If you plan to install YAMS inside a Proxmox LXC container, some specific host-level configuration is required before you run the YAMS installation script. These steps ensure Docker and the VPN component (Gluetun) can function correctly within the LXC environment by providing access to the necessary TUN device.
Note: This guide is based on the solution discovered and shared by forum user Bobs_Manager. You can find the original discussion here on the YAMS Forum.
⚠️ Important: Only use an unprivileged LXC container for YAMS. Privileged containers pose significant security risks and are not recommended.
Follow these steps on your Proxmox host system:
Access the Proxmox Host Shell: Log into your Proxmox server via SSH or use the web UI’s shell access for the node (not the LXC console).
Edit the LXC Configuration File: Open the configuration file specific to the LXC container where you intend to install YAMS. Replace <container-ID>
with the actual numeric ID of your LXC container.
nano /etc/pve/lxc/<container-ID>.conf
Add Configuration Lines: Append the following lines to the end of the file.
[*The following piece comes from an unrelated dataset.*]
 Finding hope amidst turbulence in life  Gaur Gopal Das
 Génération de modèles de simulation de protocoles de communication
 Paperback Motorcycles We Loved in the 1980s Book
These lines grant the container necessary permissions and crucially mount the /dev/net/tun
device from the host into the container.
lxc.cgroup.devices.allow: a
lxc.cap.drop:
lxc.cgroup2.devices.allow: c 10:200 rwm
lxc.mount.entry: /dev/net/tun dev/net/tun none bind,create=file
Your configuration file should now look similar to this at the end:
Save and Close: Save the changes to the configuration file and exit the editor.
Restart the LXC Container: For the changes to take effect, you must restart the LXC container. You can do this via the Proxmox web UI or using the following commands on the Proxmox host:
pct stop <container-ID>
pct start <container-ID>
After completing these prerequisites and restarting the LXC container, you can now log into the LXC container’s console and proceed with the standard YAMS installation as described in the Installation Guide.